**Work order**
The answer must consist only of the lines in the records below from the line with "Fnova 2-Tier End" to the line with "Tuintafel met acaciahouten", both included, copied word for word with every picture left out.

**Input data**
....

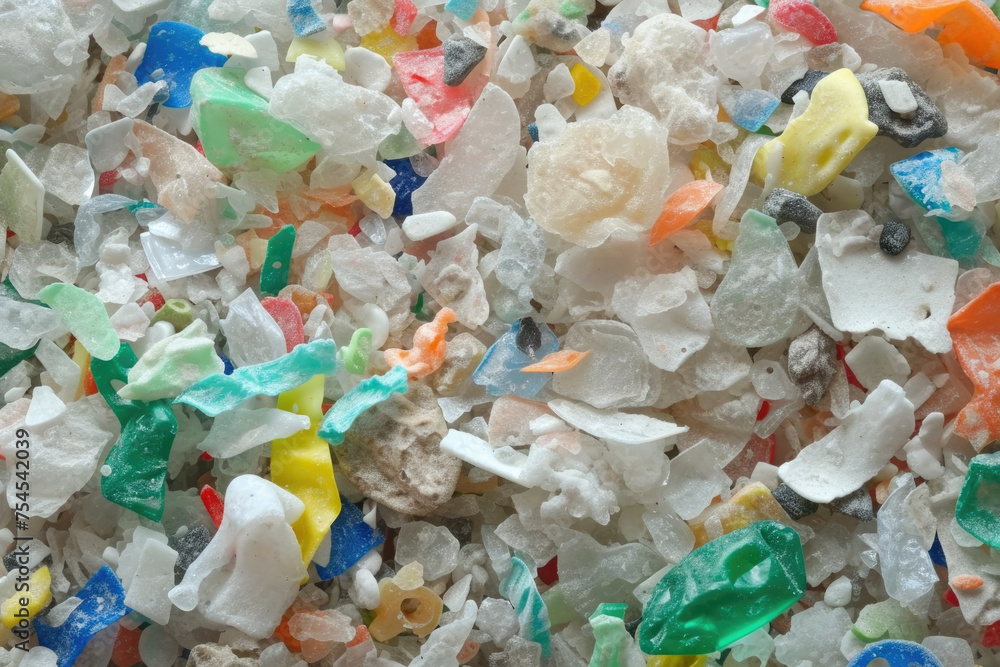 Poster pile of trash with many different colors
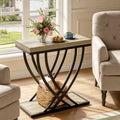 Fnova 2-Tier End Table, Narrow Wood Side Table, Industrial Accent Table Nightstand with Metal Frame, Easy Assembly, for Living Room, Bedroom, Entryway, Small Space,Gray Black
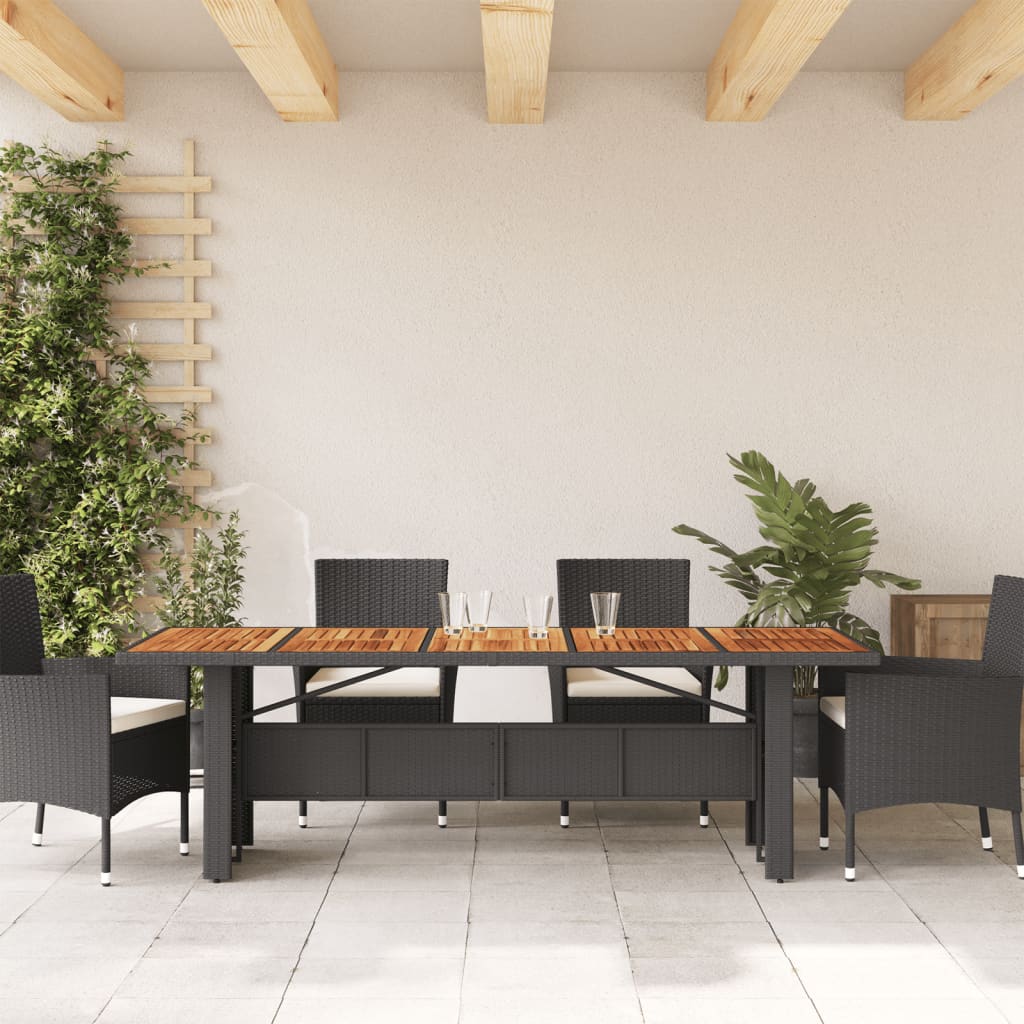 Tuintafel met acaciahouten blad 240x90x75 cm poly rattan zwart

....

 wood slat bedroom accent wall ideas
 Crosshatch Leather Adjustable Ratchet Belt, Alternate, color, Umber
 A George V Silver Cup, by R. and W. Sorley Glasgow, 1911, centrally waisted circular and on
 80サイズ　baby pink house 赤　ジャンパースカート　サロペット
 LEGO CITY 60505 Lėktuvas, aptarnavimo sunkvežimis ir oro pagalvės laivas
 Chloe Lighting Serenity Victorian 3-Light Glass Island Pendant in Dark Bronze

....

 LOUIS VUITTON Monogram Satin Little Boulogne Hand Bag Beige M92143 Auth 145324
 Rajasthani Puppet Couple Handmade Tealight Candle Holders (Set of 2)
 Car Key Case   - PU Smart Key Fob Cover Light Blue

....

**Solution**
 Fnova 2-Tier End Table, Narrow Wood Side Table, Industrial Accent Table Nightstand with Metal Frame, Easy Assembly, for Living Room, Bedroom, Entryway, Small Space,Gray Black
 Tuintafel met acaciahouten blad 240x90x75 cm poly rattan zwart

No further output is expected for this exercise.